Please write when you are able. Some of you have been giving and praying and blessing me behind the scenes in unbelievable ways. What fantastic confidence you have in His work here…may I burn into the work here. No matter what is before me, thanks so much.
A few, short prayer items if you will….
For continuing outreach in the community of Torit…I am praying for relationships with Jesus to develop with many of the Arab men and teachers I work with daily in & outside of school.

A healing body and specifically lower back….yes. How much fun I know.
But to have a developing injury in a area when ALL my transport is based on carrying and lifting and walking…makes a tender injury slightly concerning. Love total healing and relief and I know He can do this…

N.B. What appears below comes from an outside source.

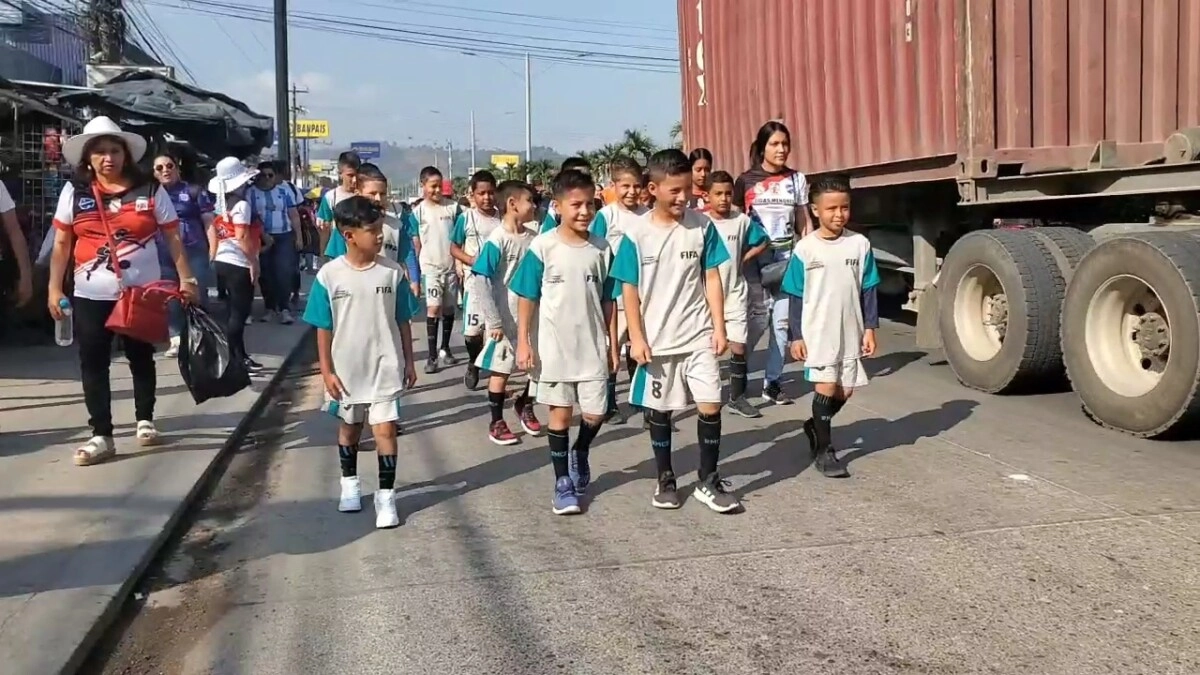 Con un desfile de más de 300 jóvenes inició al gran torneo oficial federado de ligas menores 2023 en La Entrada, Copán 04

The month of May will see many fellow friends and co-workers leaving the Sudan and specifically Torit. Phil and Linda Byler, will be leaving for a four month furlough back to Pennsylvania. Kelly Miller will be leaving Torit this month for a "permanent" return to Virginia and several other fellow South Sudan colleagues will be returning to Canada or the States. Always in transition…..

Love, Lovelace

April in Uganda 4-08

On the 8th of April I returned from a lengthy stay in Uganda. Since landing back on the Africa soil in October I had yet to take any break from the ministries and work… Sometimes I become so absorbed in my present ministries that leaving is an after thought. I left Torit before the Easter weekend for a short “time out” and traveled by road through the South Sudan country spending one evening in Gulu, Uganda. This was my first encounter with the area of Northern Uganda which had until recently been engulfed in civil war. A war lead by the Lord’s Resistance Army and armed by child soldiers stolen from the Northern Acholi Ugandan tribes. Gulu, Uganda is now a prospering, developing East African town, comparable to any place in Kenya or Uganda. Sorry, but the Sudan isn’t quite there yet. When Torit has a gas station with apples and Diet Coke, then we’ve arrived! After an evening in Gulu, I hitched a ride on a large bus at around four thirty a.m. and arrived the same day into the heart of bustling Kampala town.

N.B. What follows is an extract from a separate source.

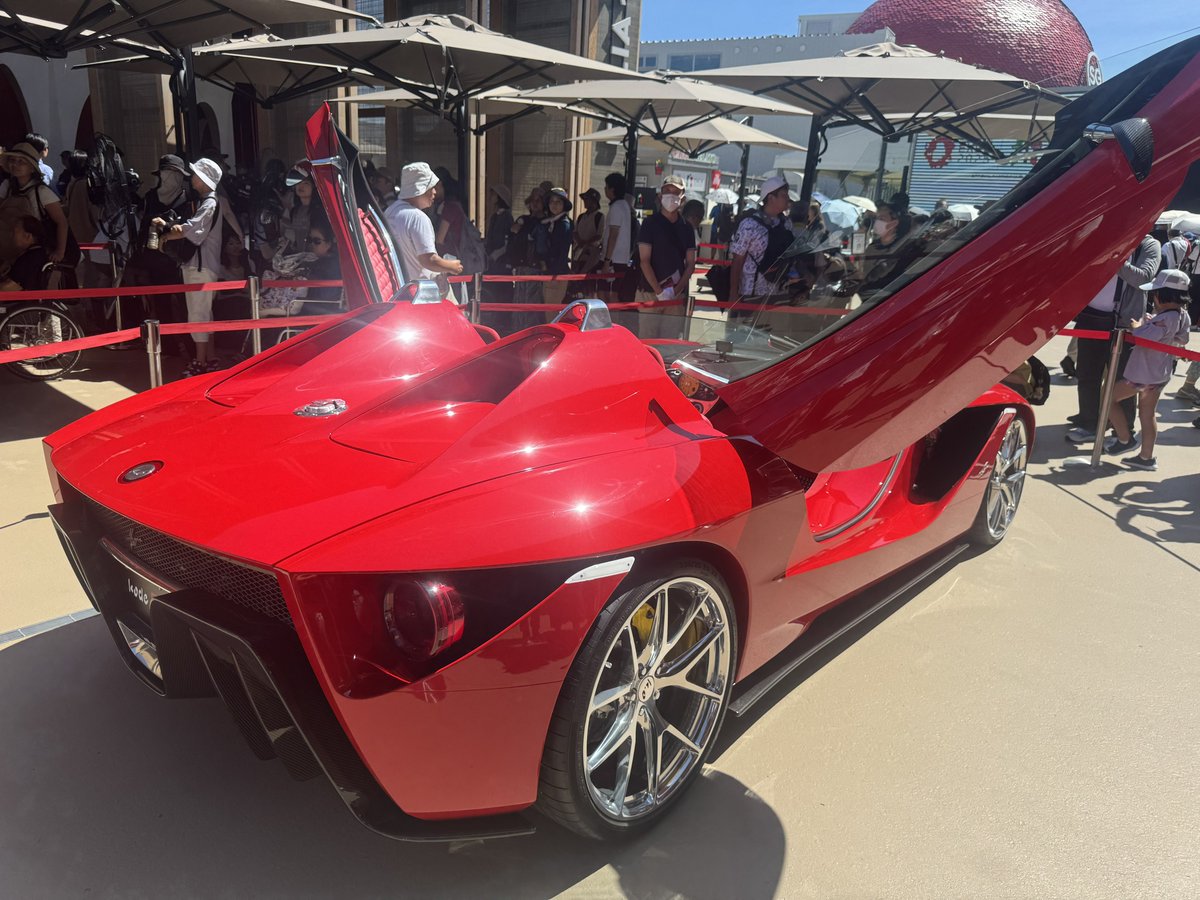 イタリア館でフェラーリが展示されていました。 Ken Okuyama Cars Kode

Thankfully, the time away from the Sudan in Uganda was refreshing and of course busy. I have earned the nickname “ Motor” from my beloved Aim colleagues at the Kampala, Uganda Central region offices. Never slowing down. So true. Absorbing and treasuring the time in Africa, whether Sudan, or Uganda, or Kenya makes my life blessed. How I desire to share this time with all of you. I have become close friends with another AIM’er named Gene Tan who works in AIDS research at a well-established Kampala, Uganda health clinic named MildMay. Together Gene and I shared a flat in Kampala alongside other AIM co-workers

The few weeks in Kampala were filled with various activities. Had the opportunity to volunteer at a local street children’s shelter named Dwelling Places. Gene and I were even able to take a few of these young men out to a movie…“ The Spiderwick Chronicles?” Does that ring any bells…anyway. The boys loved it. I also found new ways, even in a foreign city, to integrate into the very large, and visible, M. community. During one day a local M. Sheik took me to his Arab/M. training school located outside the Kampala area. I then spent an afternoon at the Mosque as a “guest” and visited his extended family and home. Hopefully, as time goes I will have further opportunities to reach into the M. community that is very open, and populous in the capitol of Uganda.